* _The task_: Only the pictures are to be left out; please reproduce everything else in the data exactly.

* _Collected material_:
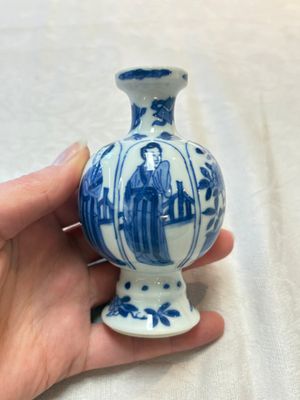 Four Chinese blue and white 'Long Eliza' miniature vases, Kangxi — photo 10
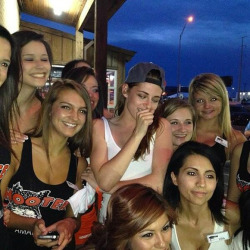 ithotyouknew2: lesbianeroticthriller:  sufjanstevens420:  lizziesamuels:  wonderwallmsn:  We finally figured out what makes Kristen Stewart smile: hot wings! The “Twilight” star posed for this amazing photo after dining at a Hooters restaurant in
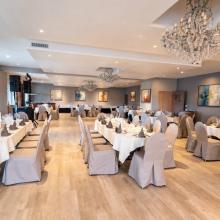 Feestzaal van Salons Ter Velde met gedekte tafels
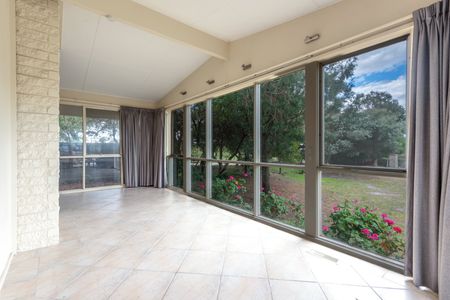 Charming Family Home with Pool in Prime Frankston South Location! - Photo 2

* _Reply to the exercise_:
 Four Chinese blue and white 'Long Eliza' miniature vases, Kangxi — photo 10
 ithotyouknew2: lesbianeroticthriller:  sufjanstevens420:  lizziesamuels:  wonderwallmsn:  We finally figured out what makes Kristen Stewart smile: hot wings! The “Twilight” star posed for this amazing photo after dining at a Hooters restaurant in
 Feestzaal van Salons Ter Velde met gedekte tafels
 Charming Family Home with Pool in Prime Frankston South Location! - Photo 2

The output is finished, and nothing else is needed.